Quantifying Technical Analysis
BY RICHARD WEISSMAN
First published in Energy Power and Risk Management, May 2002
In the last of our series of tutorials on risk management tools, Richard Weissman
provides an overview of technical analysis for the energy business
The aim of technical analysis is the
forecasting of future price trends.
Here we give an introductory
overview of some of the most popular techniques
utilised in the field. The basic precept
in all technical analysis is that through
the study of past price history, along with
the evaluation of volume or number of
trades and open interest or the number of
contracts outstanding, traders can forecast
future price trends and identify low-risk/
high-reward trading opportunities.
This broad definition can be further
narrowed into two distinct sub-categories:
interpretative or subjective technical
analysis and mathematical or objective
technical analysis.
Interpretative technical analysis
Perhaps the most popular and well-known
interpretative technical analysis formation
is the 'head and shoulders' pattern
(see figure 1).
Consider a market that is in a major uptrend
– defined as successively higher highs
and higher lows. Suddenly the upward momentum
yields to a normal corrective downturn
in prices – forming the left shoulder.
This is followed by a breakout to new highs,
forming the head.
Here the technical analyst often receives
their first warning sign of an end to the uptrend.

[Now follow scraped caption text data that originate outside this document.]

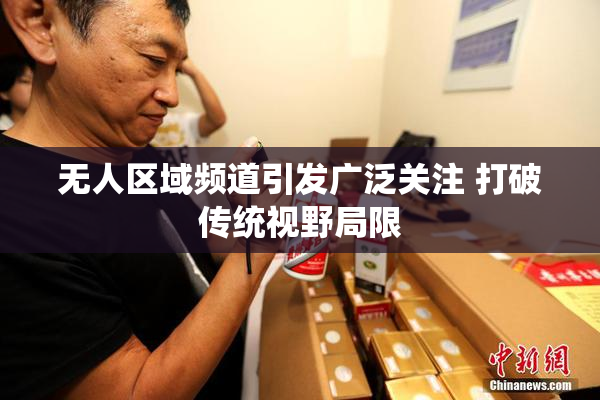 无人区域频道引发广泛关注 打破传统视野局限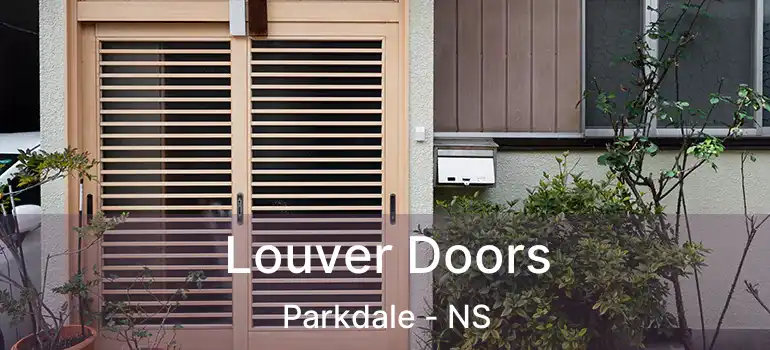  Louver Doors Parkdale - NS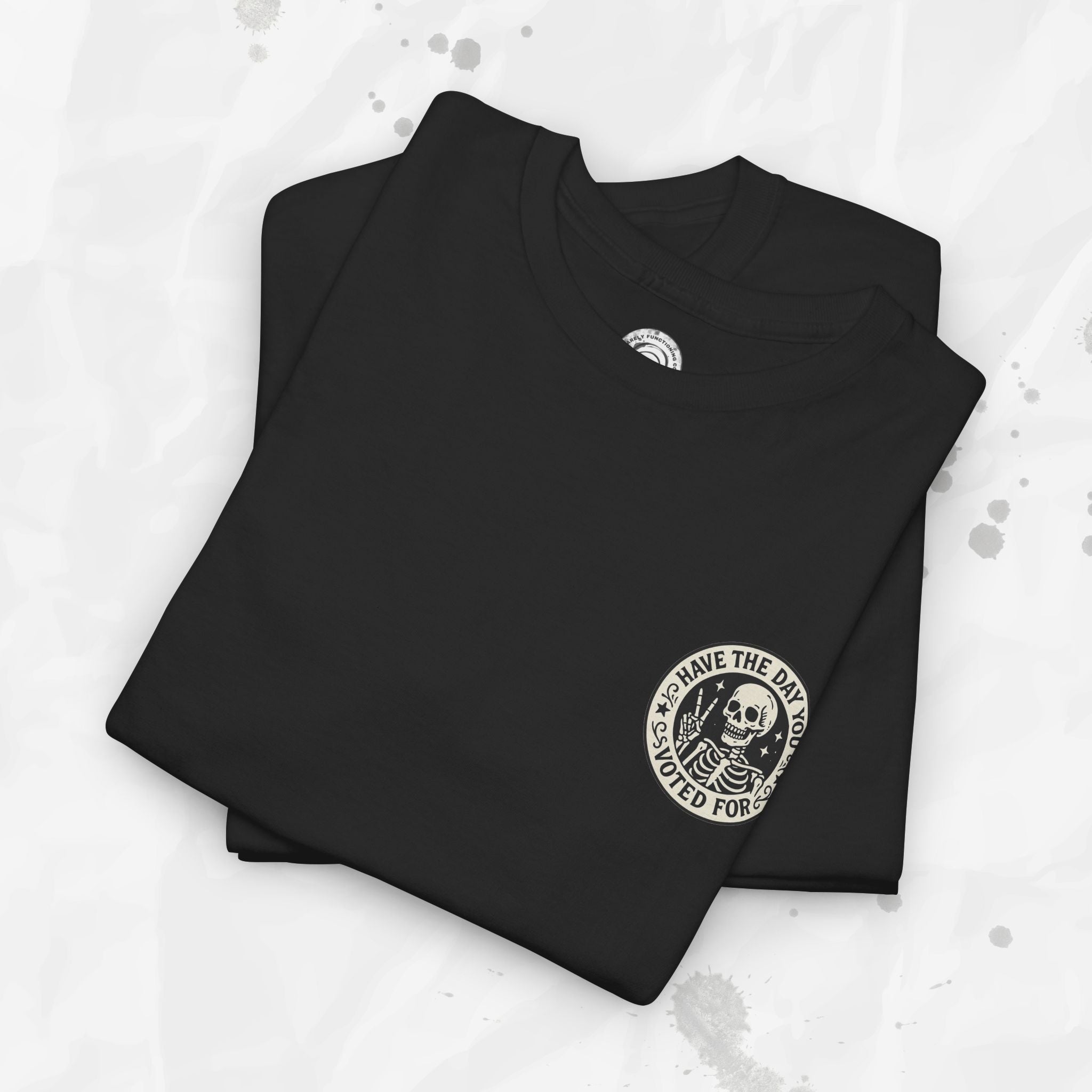 Have the Day You Voted For - T-Shirt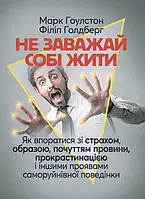 Не заважай собі жити. Як впоратися зі страхом, образою, почуттям провини, прокрастинацією і іншими проявами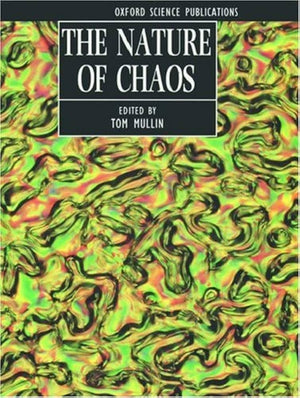 The Nature of Chaos (Oxford Science Publications),Used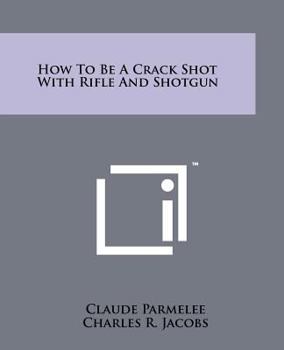Paperback How to Be a Crack Shot with Rifle and Shotgun Book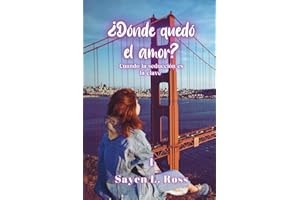 ¿Dónde quedó el amor?: Cuando la seducción es la clave (Trilogía Amor)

This latest upward breakout to new
highs will typically occur when volume and
open interest are falling. This action, in itself,
does not suggest an end to the bull market,
although it does make the move to new
highs somewhat suspect, as we would normally
want to see moves to new highs in an
uptrend being accompanied by increased
commitments of new capital.
Then our market gives another, more serious
warning sign: a correction that, firstly,
extends below the top of the left
shoulder's peak and, secondly, nearly continues
below the low of the left shoulder.
After this correction, the market rallies
again, usually on even lighter volumes, but
fails to reach the top of the prior peak. This
failure then completes the formation of the
right shoulder. The completion of the right
shoulder's decline allows us to draw a horizontal
support line known as the 'neckline'.
In contrast to interpretative technical indicators, the success or
failure of mathematical technical indicators is always indisputable,
because they are based on objective and immutable rules
Now that our technician has identified a
relatively low-risk/high-reward trading opportunity,
he places a sell 'stop' below the
neckline. Once the market weakens enough
to satisfy the technician's sell order a protective
buy stop is placed either above the
left shoulder or above the head, thereby limiting
and quantifying risk.
Our technician then continues lowering
his buy stops as the new bear market – defined
as successively lower highs and
lower lows – progresses and matures until
some new bullish charting pattern
suggests
exit and reversal.1
Although interpretive technical indicators
– such as the head and shoulders
pattern – cannot be objectively quantified,
they are nonetheless powerful tools, enabling
both the quantification of risk and
the identification of valid market trends. Despite
their usefulness, the identification of
such visual patterns is entirely subjective, as
the name 'interpretative' suggests. As a result,
the validity of such interpretative indicators
cannot be statistically verified.
Mathematical technical analysis
In stark contrast to interpretative technical
indicators, the success or failure of mathematical
technical indicators is always indisputable
because they are based on objective
and immutable rules. The simplest and most
popular of these types of indicator is the
moving average (see figure 2).
The moving average is the average price
of a specific data set. For example, if we
were interested in knowing the 40-day
moving average for New York Mercantile
Exchange (Nymex) March natural gas futures
contract, we would simply add up the
settlement prices of the prior 40 trading
days and then divide the total by 40.
Upon the completion of each new trading
day, the data from the oldest day – 41
trading days ago – drops from our moving
average calculation and is replaced by the
new settlement price. Hence the term
'moving average'.
The theory behind using a moving average
is that if the market is in a significant
downtrend, prices should not be
strong enough to rise above the 40-day
moving average. Once the market is strong
enough to breach the moving average, this
theoretically suggests the end of the old
downtrend and start of a new uptrend.
Although a 40-day moving average is
usually too simplistic to act as a successful
mechanical trading system in and of itself,
it shows what technicians mean when they
speak of objective, mathematical indicators.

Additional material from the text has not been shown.